Notes: Clocks

Your questions about Clocks
The Poem is not on the website.

Dear Ms Clarke, I was wondering if you could please clarify your intentions in your piece and how you wanted to describe your relationship and how you wanted it to come across with your son entitled “Clocks” dedicated to Cai. This would be extremely generous and helpful, thank you.

1 My intention:  to tell you, the reader, about something that happened. Look at every word. Use the dictioanry. Google dandelions.

2 Look at the dandelion pictures: golden flower, and seed head. Read. Think.

3 Read the poem for meaning – everything you need is there. All clear and grammatically correct. Follow it.

4 Adult and small child. I do not tell you he is my son. Assume nothing. However, you can write your guess in your exam: something like ‘a small boy, maybe a son, or grandson.’

5 Read for sound – the word-music that makes it a poem, not a story – though it tells a little story too.

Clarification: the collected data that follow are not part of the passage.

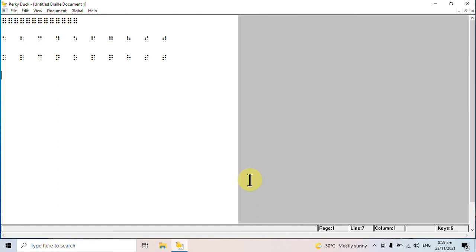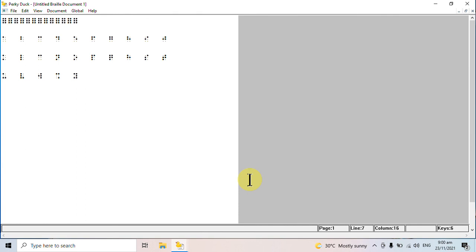For letter U, this can be typed by pressing F, S, and L. V would be F, D, S, L. W would be D, J, K, L. X would be F, S, J, L. And Y would be F, S, J, K, L. And finally, Z would be F, S, K, L.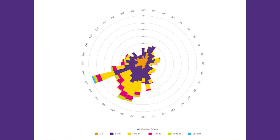We live on an island and the air can come at us from any direction, although in practice it comes from some directions more than others. This wind rose shows the direction the wind was recorded coming from at Heathrow Airport near London. The longer the bar, the more often the wind came from that direction, so you can see that our wind comes from between southwest and west most frequently.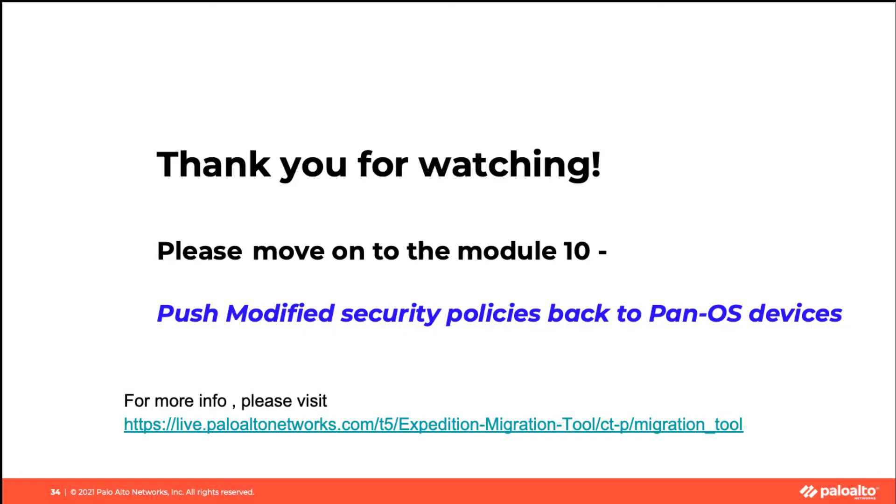Please move on to the final module, Module 10: Push Modified Security Policy back to PanOS Devices. Thank you for watching.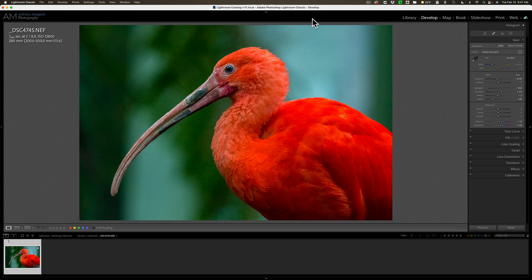So I'm often asked: what do you recommend instead of DeNoise AI? It just won't run on my system, or I don't like it for whatever reason. Well, my recommendation is ON1 Software's No Noise AI. No Noise AI is an excellent alternative and you'll see it does a great job at removing noise in an image.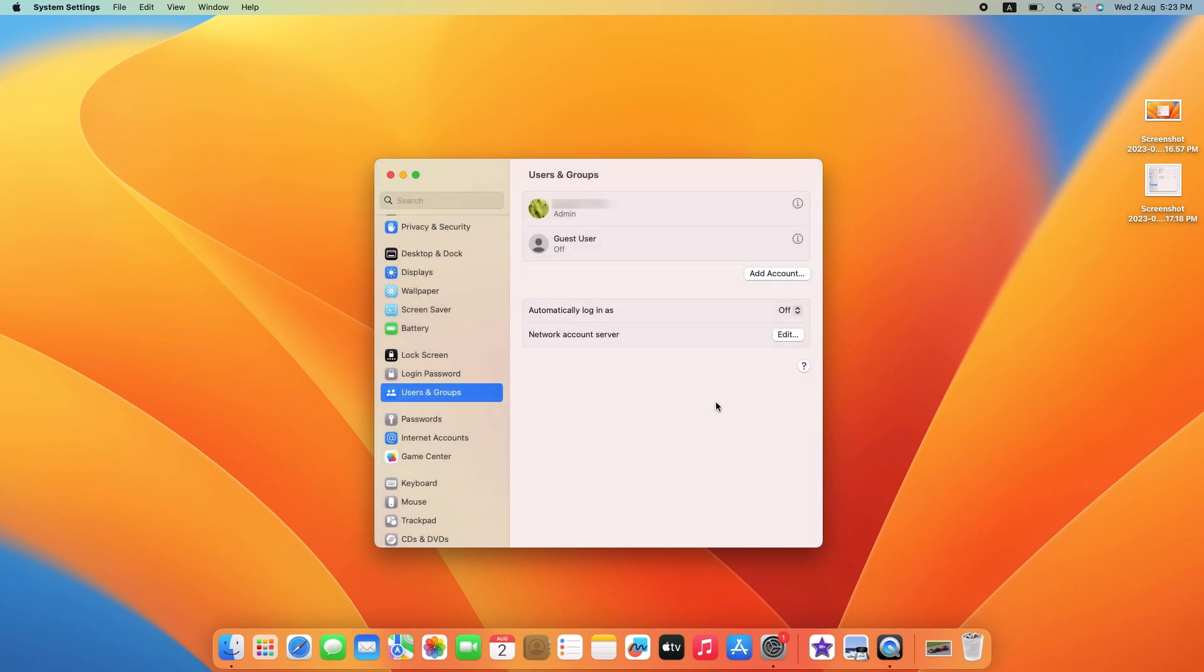Now it's time to restart your MacBook to ensure the changes take effect. So that's it, you have just learned how to change your MacBook password.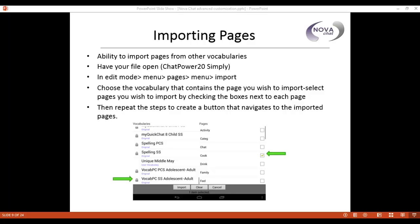This is a short video clip that will show you how to import pages from one vocabulary to another. This is especially helpful when new vocabulary updates come out.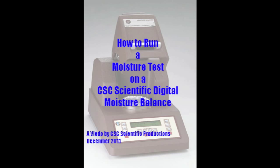This is a video about how to set up a sample and run a moisture test on a CSC digital moisture balance.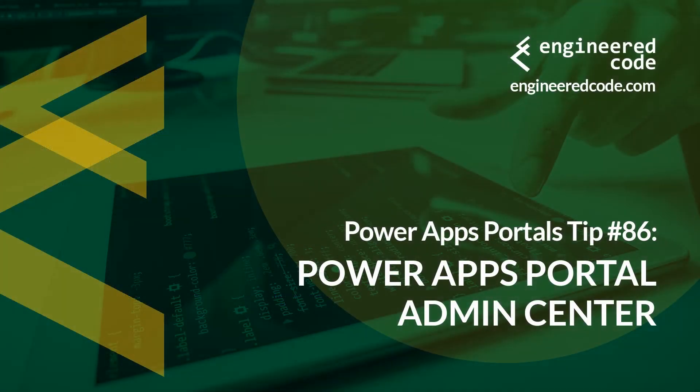Thanks for watching, and I hope you found PowerApps Portals Tip number 86 on the PowerApps Portal Admin Center useful.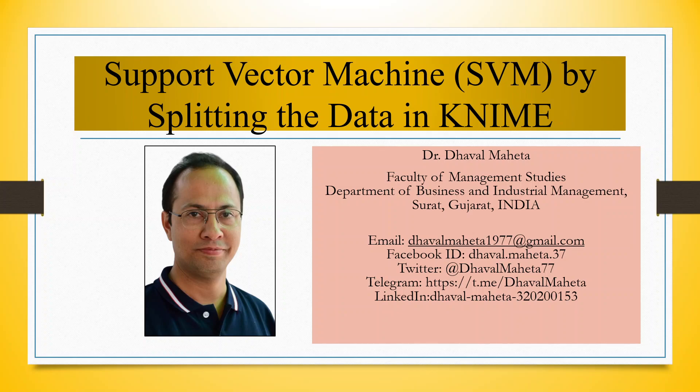Hello to all my viewers, this is Dr. Dawal Mehta. And today I will explain how to run Support Vector Machine by splitting the data in KNIME.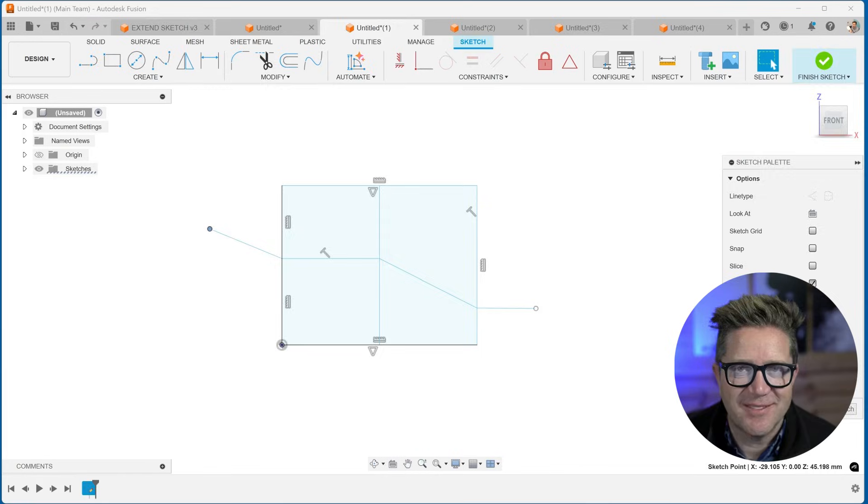Hey, do you ever need to break up sketch entities or separate lines, arcs, or splines in Fusion 360? You can do that with the break tool. Let's look at it.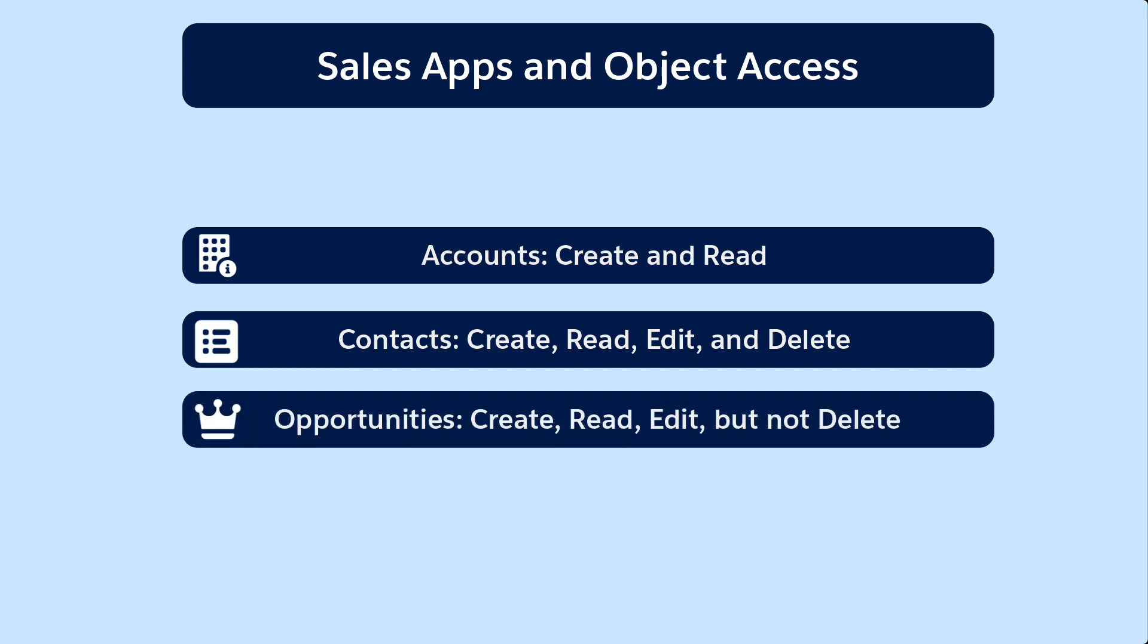Opportunities, inside sales reps have create, read, edit but not delete since we don't want reps deleting opportunities.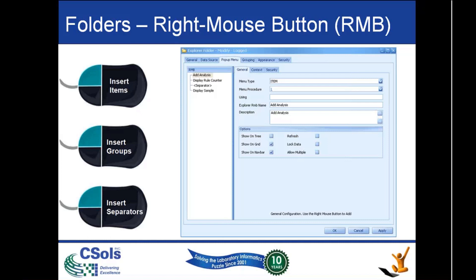We can also add some grouping. We can group our right mouse buttons by having subfolders of functionality drilling downwards. We can add separators to clarify what we are doing. There are also various other buttons, such as refresh, which will force the folder to refresh after the function has finished operating.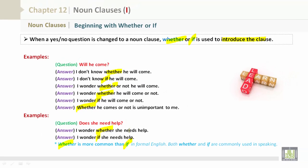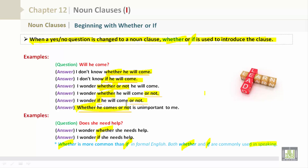Whether is more common than if in formal English, but whether and if are commonly used in speaking. Please note: when a yes/no question is changed to a noun clause, whether or if is used to introduce the clause. Looking at the examples, 'whether' introduces 'whether he will come'; 'if' introduces 'he will come'; 'whether or not' introduces the rest of the clause. Whether he comes or not is unimportant to me. Whether she needs help. If she needs help. Keep in mind that whether or if is used to introduce the clause.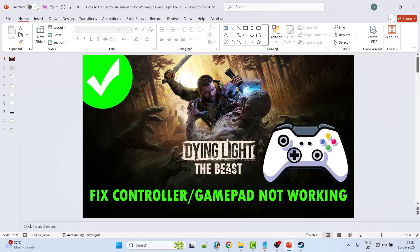Hello guys, welcome back to my YouTube channel. In this video tutorial, I will show you how to fix controller or gamepad not working in Dying Light: The Beast game. So here are the fixes.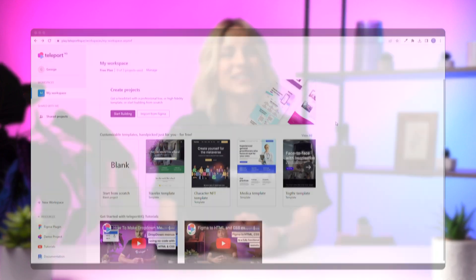Hey everyone, it's Helena from Teleport HQ, the collaborative, low-code platform that automatically writes and deploys code so you don't have to. Let's jump right into it.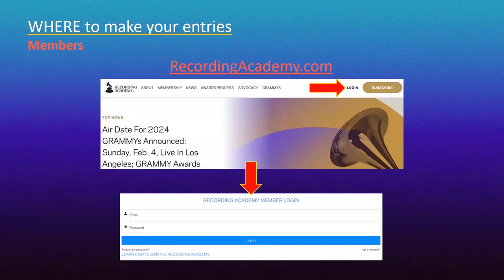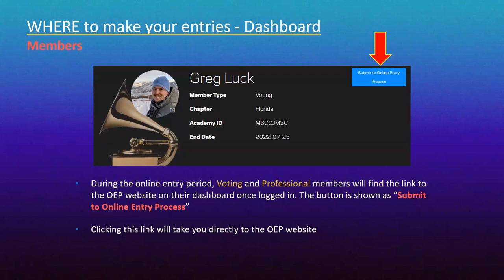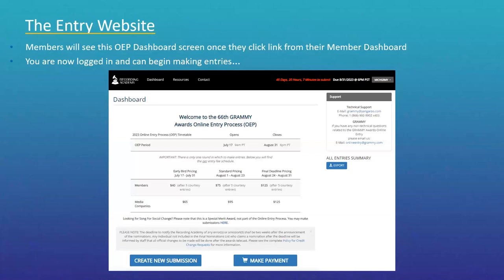This is going to be specific to our members. If you've never logged into your Grammy account, here are some basic steps: go to recordingacademy.com, hit login, then enter your login information. Once you're logged in you'll see your dashboard. What you're looking for is the button that says 'submit to online entry process.' During the entry period — from now until August 31st at 6pm — voting and professional members will find that button there. Once you click it, you are no longer on the Academy's website; you are on our entry portal.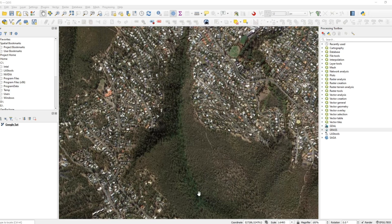G'day guys, today we're going to be going over how to automatically — somewhat automatically — produce a vegetation density bushbash orienteering type map in QGIS, very quickly and easily.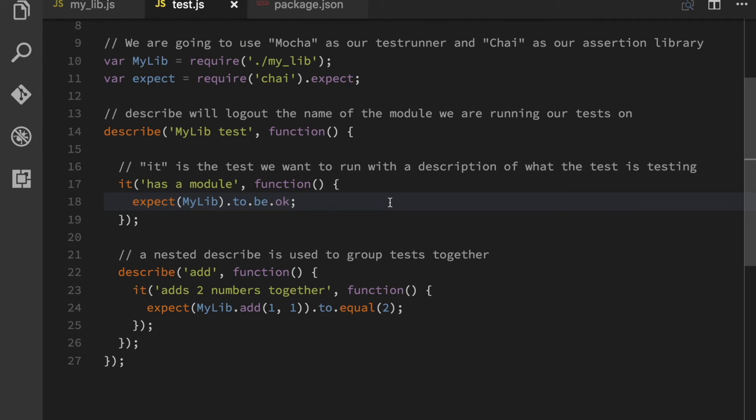that is truthy. In this case, an object, that's what it's going to be. Then we go down to this line here. There's another describe. So now I want to test the add function on my my lib module.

Verse 1: Follow the ‘story’. All children ‘name’ things. Say Ffwff-ffwff (pronounced foof-foof) out loud. Sounds like blowing?

lines 4-5: a game we play with children. (I don’t expect you to know this, as it is a cultural matter, but I do expect your teachers to find out and help you). We play ‘tell the time’ by blowing a dandelion seed-head, or ‘clock’. The seeds fly away with every blow (sounds like foof?) Blow, 1 o’clock, blow, 2 o’clock, etc

Verse 2: follow the story, to the magic moment when he listens to the sea, and hears the sound of the wave as ‘ffwff, ffwff’, then looks at the daylight moon, and gives us a beautiful metaphor, final line.